NMAH | Smithsonian Speech Synthesis History Project (ss

A Personal Narrative

When I started my graduate work in Germanic Linguistics in the Department of Modern Languages and Linguistics at Cornell University in 1972, I had not the slightest inkling of the career path that lay ahead of me. Like most linguistics majors at the time, I envisioned an academic career, but I soon became disillusioned by the terrible job market and the prospect of ending up selling shoes or driving a cab. At the same time, I took my first computer course. I had never touched a computer before, but, despite the tedious process of punching programs on cards and the day-long turnaround times to get programs executed (only to find a bug and repeat the painful process), I instantly became enthralled with the idea of combining my interests in linguistics and computers. I switched my major to general linguistics and added a minor in computer science.

When it came time to embark upon my Ph.D. thesis work in 1974, I decided to add my interest in phonetics to the mix, opting to explore, through speech synthesis, a certain hypothesis I had about sound change and more generally, the interface between phonology and phonetics. I was fortunate in having available to me the Cornell Phonetics Lab (see History of the Cornell Phonetics Laboratory), which housed a DEC PDP 11/40 computer with an OVE IIId speech synthesizer. The lab even had a paper terminal, which, slow as it was, certainly beat punch cards! A fully equipped lab of this sort was a rare commodity at the time. I had almost sole use of the lab, since there was virtually no other serious work in phonology or phonetics at Cornell University at that time, and the lab became my home away from home for many years.

I started my Ph.D. work by implementing a program to test my hypotheses in the programming language SLIP, a list-processing extension to FORTRAN 4. Despite SLIP's list-processing capabilities, it quickly became evident that this language was poorly suited to the formulation of the kinds of linguistic rules involved in synthesis; concepts that could be embodied in a few lines of standard linguistic notation often required pages of code in SLIP. Every time I revised my hypotheses, a major programming effort was required to test them.

To overcome these barriers, I decided to shift my thesis topic away from the development of a particular linguistic theory, and instead focus on developing a generalized tool with which linguists could easily test a wide range of phonological and phonetic theories. Toward this end, I developed SRS (Speech Research System), which included a special linguistically-oriented notation for expressing synthesis rules. With this interactive system, linguists could efficiently express and test synthesis rules for a variety of languages.

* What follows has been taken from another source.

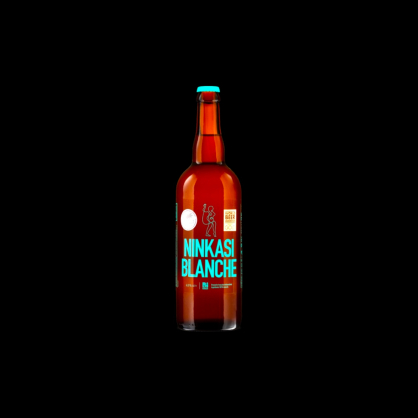 Bière blanche 75cl Ninkasi  Bières blanches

In 1978, I ventured out of the Phonetics Lab to attend my first conference, a meeting of the Acoustical Society of America in Providence, Rhode Island. There, I presented a talk about SRS and demonstrated its first words. After the talk, a number of researchers and developers in phonetics and speech synthesis invited me to their institutions or suggested I apply for jobs. Clearly my decision to move from Germanic linguistics into speech synthesis research had been wise.

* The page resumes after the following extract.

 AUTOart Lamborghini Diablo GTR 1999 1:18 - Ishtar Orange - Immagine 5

One person, from System Development Corporation in Virginia, actually offered me a job. Until that time, I had not considered a commercial career. Since I was not finished with my Ph.D. work, and still uncertain of my career path, I declined the job, accepting some part-time consulting work for the company instead.

The consulting opportunity gave me the best of all worlds. I could continue my Ph.D. work, get a feel for what the commercial world was about, and even make some money while I was at it! When I got my Ph.D. in 1979, I decided to continue along the path I was on. I remained at the Phonetics Lab, where I had various part-time positions teaching and doing research in the area of speech synthesis, and at the same time consulted for a number of companies. Much of the SRS rule development that I did was funded through my consulting activities.

Between 1979 and 1983, I used SRS to develop a set of text-to-speech synthesis rules for English. In 1980, I taught a class in speech synthesis in which my students used SRS to develop rudimentary rule sets for German, Dutch, and Spanish. In 1981, the first of my three children was born, and my home away from home became a combination lab/nursery-changing table, playpen and all. (Despite hearing more synthetic than natural speech in her formative first six months, I'm pleased to report that my daughter has developed quite normally.) In 1983, I did my first serious work on the development of synthesis rules for a language other than English, collaborating with Dr. Mary Beckman (then a graduate student at Cornell and now a linguistics professor at Ohio State University), and Dr. Osamu Fujimura (then head of the Linguistics and Speech Analysis Department at Bell Labs and now a professor in Speech and Hearing Science at Ohio State University) on the development of SRS-based synthesis rules for Japanese from a Romanized input.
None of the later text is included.